Arkeolojide Görüngübilim: Öz ve Anlam Sorunu


Usanmaz U. O.

Mediterranean Journal of Humanities, cilt.12, ss.229-247, 2022 (Hakemli Dergi)

Özet

Kültür tarihçiliğinin 1960'lı yıllarla etkisini kaybetmesiyle arkeolojide bilimsel, pozitivist, ve antropolojik yaklaşımlar ön plana çıkmaya başlamıştır. Ancak "Yeni Arkeoloji" olarak adlandırılan disiplinde değişen sadece araştırma nesnesi olmuş, araştırma odağına kişi yerine dünya konularak Aydınlanma Çağı'nın temsilci geleneği devam ettirilmiştir. 1980'lerden itibaren geliştirilen postyapısalcı ve yorumlayıcı arkeoloji ise maddi kültürün anlamlı bir şekilde yapılandırılabilir olduğunu vurgulaması bakımından önem arz etmiştir. Postyapısalcılığın bir bakımdan idealizme dönüş olduğu gerçeği son yıllarda kuramsal arkeolojide ontolojiyi baz alan akımların oluşmasına katkı sunmuştur. Son yıllarda görüngübilimsel arkeoloji bu akımlardan en dikkat çekeni olarak karşımıza çıkmaktadır. Görüngübilim, arkeolojide peyzajların deneyimlenerek betimlenmesine dayanan bir araştırma yöntemi olarak kullanılmaktadır. Ancak gerek görüngübilimin arkeolojiye uyarlanabilirliği, gerekse de elde edilen verilerin nesnelliği araştırmacılar arasında tartışma konusu olmuştur. Güncelliğini koruyan bu tartışmalar ışığında beliren öz ve anlam sorunu bu çalışmada ele alınmıştır. Görüngübilimsel arkeolojide öz ve anlam sorununun aşılabilmesi amacıyla Heideggerci yaklaşıma karşı Deleuzecü bakış açısı önerilmiştir. Deleuze felsefesi görüngübilimsel arkeolojinin miras aldığı temsil edici unsurları ortadan kaldırmakla birlikte görüngübilimin arkeolojiye nasıl uyarlanması gerektiği konusunda da bir çıkış yolu sunmaktadır.

As historiography lost its influence in the 1960s, scientific, positivist and anthropological approaches to archaeology began to come to the forefront. In the discipline known as “New Archaeology”, the tradition of placing the research focus on the world instead of the person, characteristic of the Age of Enlightenment, continued while only the research object changed. Poststructuralist and Interpretive Archaeology, which emerged in the 1980s, have been important in terms of emphasizing that material culture can be structured in a meaningful way. The idealist nature of poststructuralism has contributed to the formation of ontology-based movements in theoretical archeology in recent years. Phenomenological archeology has emerged as the most notable of these movements.

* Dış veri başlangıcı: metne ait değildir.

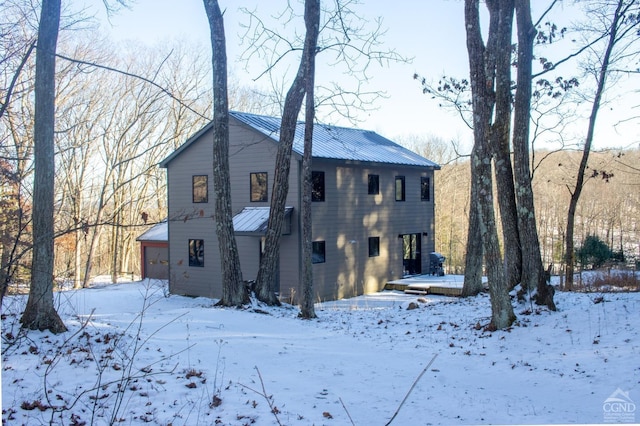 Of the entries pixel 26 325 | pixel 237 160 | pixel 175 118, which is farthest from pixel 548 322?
pixel 175 118

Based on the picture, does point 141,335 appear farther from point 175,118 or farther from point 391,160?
point 175,118

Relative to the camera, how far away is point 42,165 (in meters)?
7.55

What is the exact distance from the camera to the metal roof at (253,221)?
1720cm

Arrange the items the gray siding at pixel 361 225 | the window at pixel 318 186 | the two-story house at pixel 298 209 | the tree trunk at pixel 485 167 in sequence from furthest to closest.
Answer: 1. the gray siding at pixel 361 225
2. the window at pixel 318 186
3. the two-story house at pixel 298 209
4. the tree trunk at pixel 485 167

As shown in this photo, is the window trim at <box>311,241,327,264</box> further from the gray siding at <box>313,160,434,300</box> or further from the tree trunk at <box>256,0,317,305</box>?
the tree trunk at <box>256,0,317,305</box>

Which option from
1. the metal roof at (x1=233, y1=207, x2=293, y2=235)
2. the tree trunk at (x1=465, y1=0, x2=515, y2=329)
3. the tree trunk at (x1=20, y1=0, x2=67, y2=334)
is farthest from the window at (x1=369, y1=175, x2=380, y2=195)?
the tree trunk at (x1=20, y1=0, x2=67, y2=334)

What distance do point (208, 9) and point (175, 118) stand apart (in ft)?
72.3

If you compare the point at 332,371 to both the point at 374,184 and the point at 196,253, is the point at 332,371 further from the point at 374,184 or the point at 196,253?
the point at 374,184

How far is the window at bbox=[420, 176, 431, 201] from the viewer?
2394 centimetres

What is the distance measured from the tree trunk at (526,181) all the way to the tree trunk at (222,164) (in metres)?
6.56

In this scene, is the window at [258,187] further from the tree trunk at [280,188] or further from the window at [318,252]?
the tree trunk at [280,188]

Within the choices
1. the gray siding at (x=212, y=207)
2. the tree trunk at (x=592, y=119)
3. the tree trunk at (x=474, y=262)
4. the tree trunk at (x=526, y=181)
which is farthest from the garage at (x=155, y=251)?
the tree trunk at (x=526, y=181)

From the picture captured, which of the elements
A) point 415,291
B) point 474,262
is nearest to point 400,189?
point 415,291

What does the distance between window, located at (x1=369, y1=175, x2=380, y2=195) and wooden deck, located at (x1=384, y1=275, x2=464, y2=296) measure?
12.4 ft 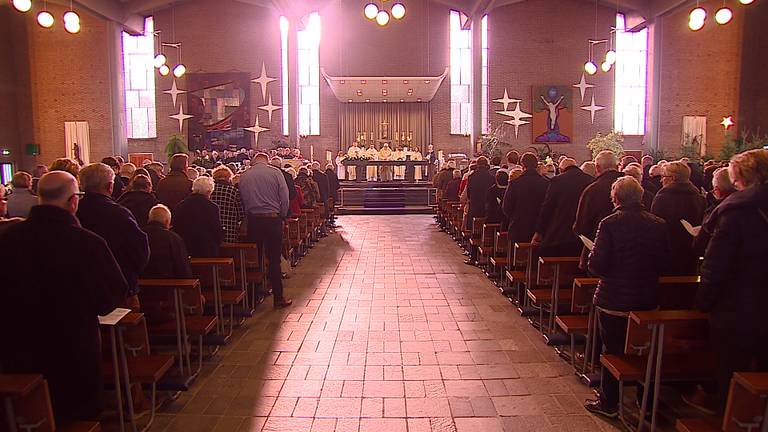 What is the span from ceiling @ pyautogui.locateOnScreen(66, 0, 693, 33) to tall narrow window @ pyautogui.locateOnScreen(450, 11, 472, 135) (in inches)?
53.0

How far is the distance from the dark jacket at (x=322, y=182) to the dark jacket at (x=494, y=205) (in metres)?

In archaeology, Phenomenology is used as a research method concerning experiential descriptions of landscapes. However, both the adaptability of phenomenology to archaeology and the objectivity of the data obtained have been the subject of debate among researchers. Having been brought to light in these ongoing debates, the problems of essence and meaning, are discussed in this study. A Deleuzian perspective has been proposed to overcome the problem of essence and meaning in phenomenological archeology, as opposed to Heideggerian approach. Deleuze's philosophy not only removes the representative elements that phenomenological archaeology inherited, but also offers a solution for adapting phenomenology to archaeology.